Problem details:
A word-for-word copy is needed of the line containing "Các nhà khoa" and every line after it through the end of the records below, leaving out all pictures.

Data for this task:
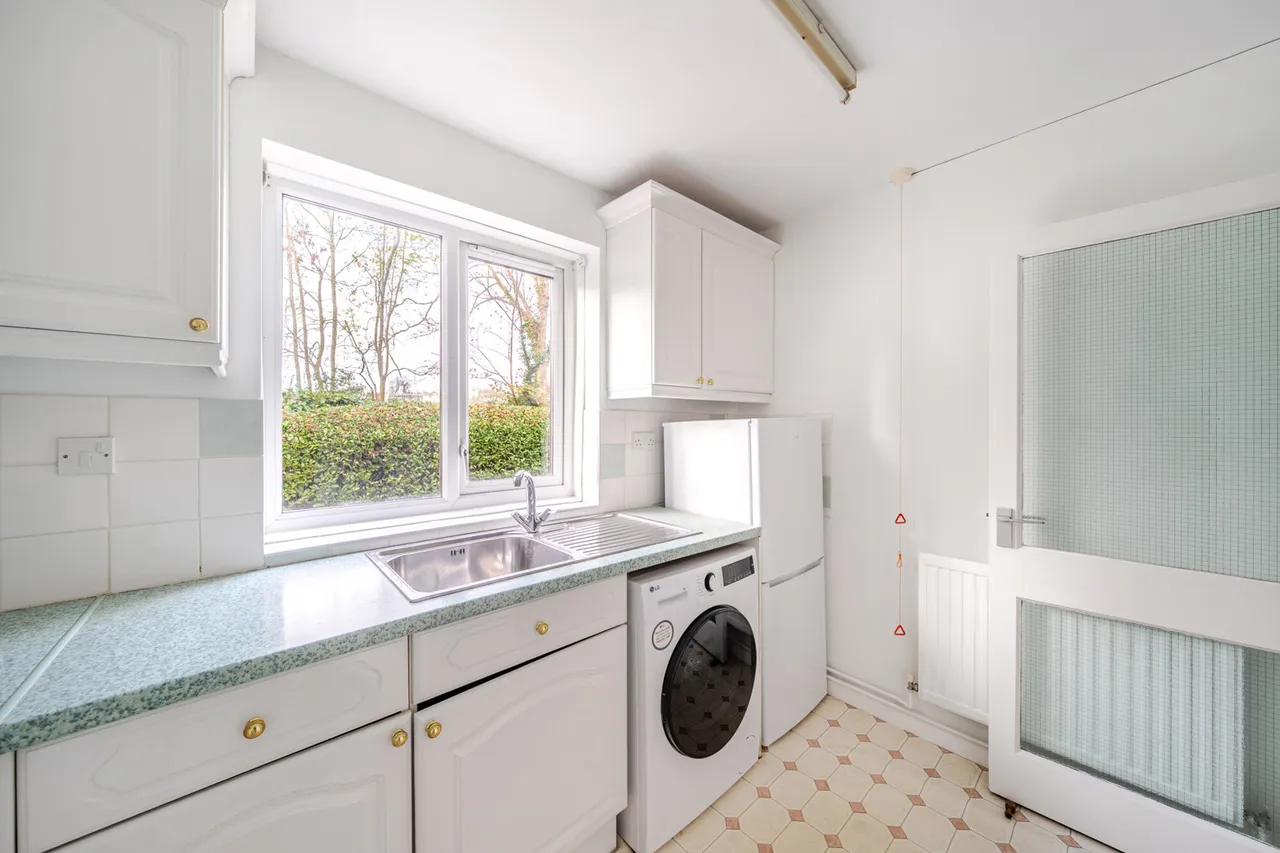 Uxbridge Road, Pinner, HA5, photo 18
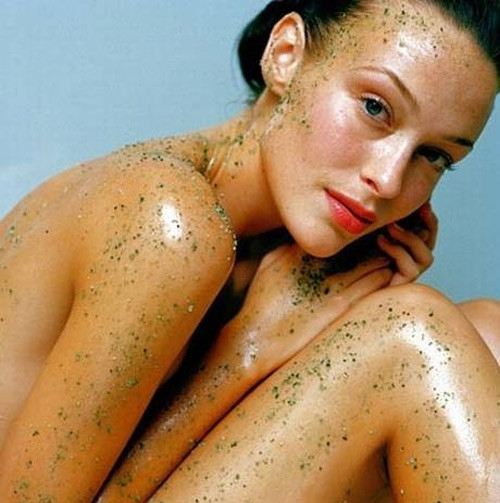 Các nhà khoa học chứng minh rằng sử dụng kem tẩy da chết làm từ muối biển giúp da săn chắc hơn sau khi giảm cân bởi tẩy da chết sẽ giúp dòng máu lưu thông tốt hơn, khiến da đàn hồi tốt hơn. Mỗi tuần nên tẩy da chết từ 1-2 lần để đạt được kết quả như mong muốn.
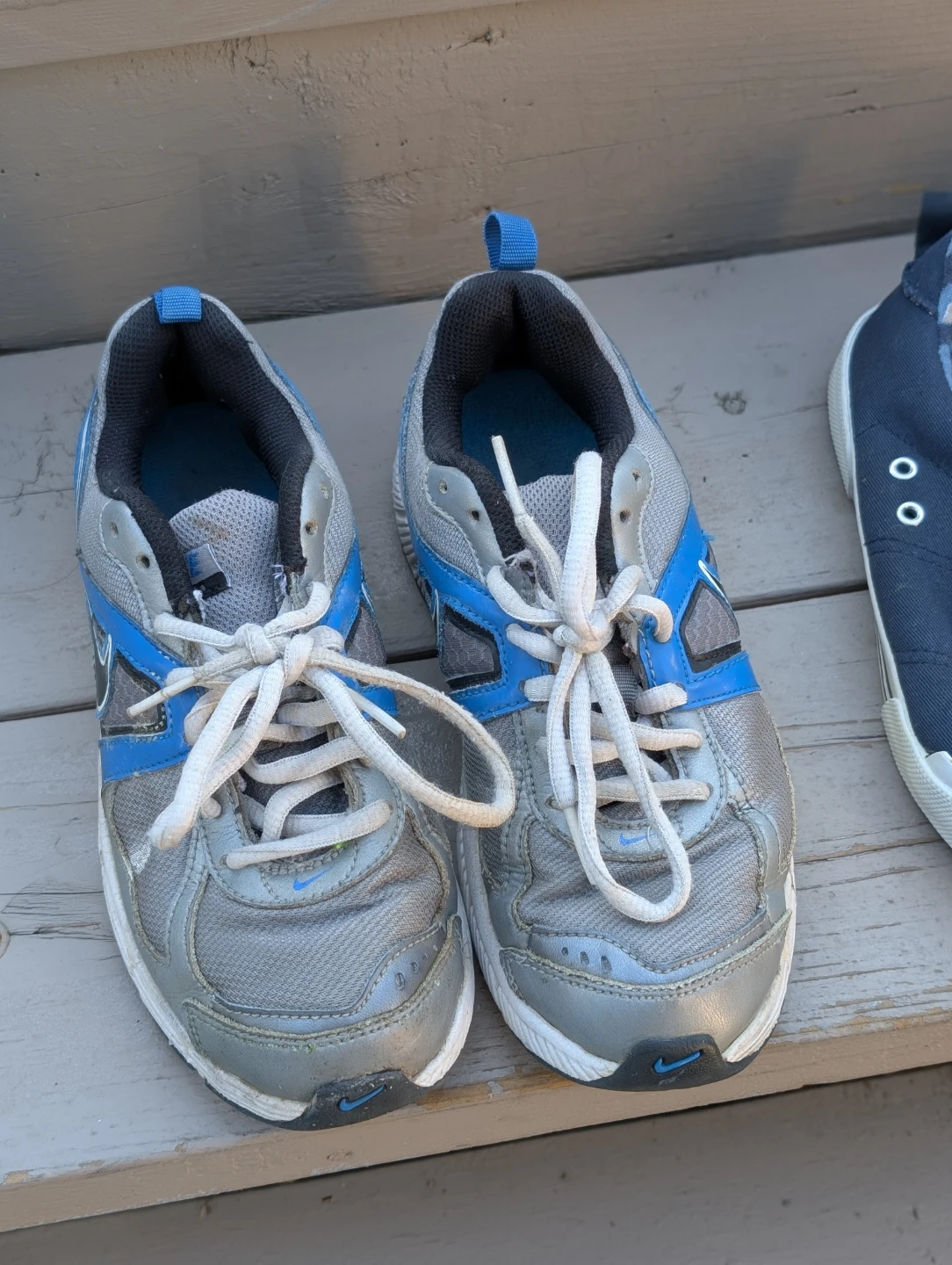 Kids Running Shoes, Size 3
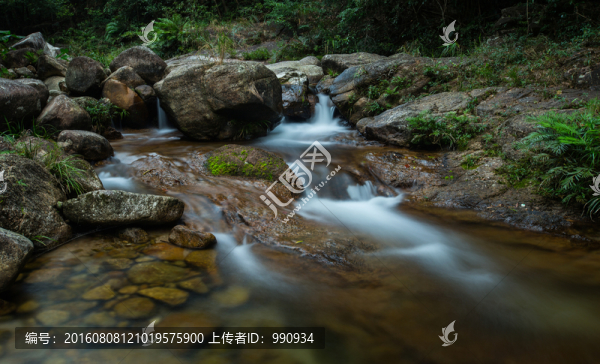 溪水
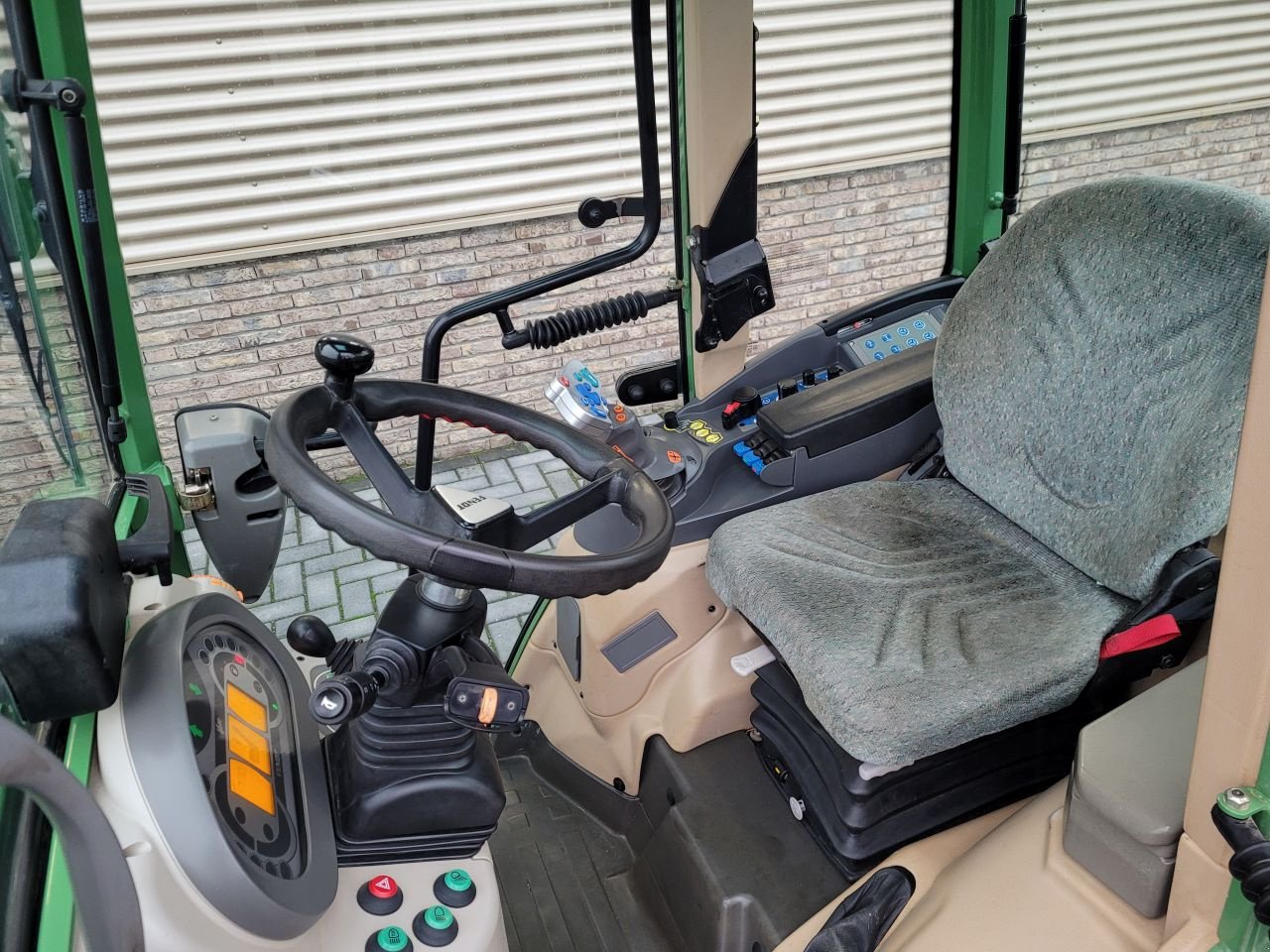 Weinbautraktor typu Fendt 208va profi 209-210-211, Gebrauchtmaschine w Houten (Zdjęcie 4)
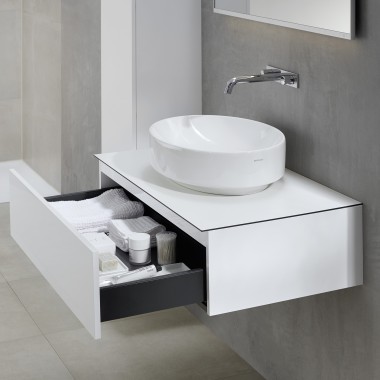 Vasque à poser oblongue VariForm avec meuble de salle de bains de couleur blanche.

Written answer:
 Các nhà khoa học chứng minh rằng sử dụng kem tẩy da chết làm từ muối biển giúp da săn chắc hơn sau khi giảm cân bởi tẩy da chết sẽ giúp dòng máu lưu thông tốt hơn, khiến da đàn hồi tốt hơn. Mỗi tuần nên tẩy da chết từ 1-2 lần để đạt được kết quả như mong muốn.
 Kids Running Shoes, Size 3
 溪水
 Weinbautraktor typu Fendt 208va profi 209-210-211, Gebrauchtmaschine w Houten (Zdjęcie 4)
 Vasque à poser oblongue VariForm avec meuble de salle de bains de couleur blanche.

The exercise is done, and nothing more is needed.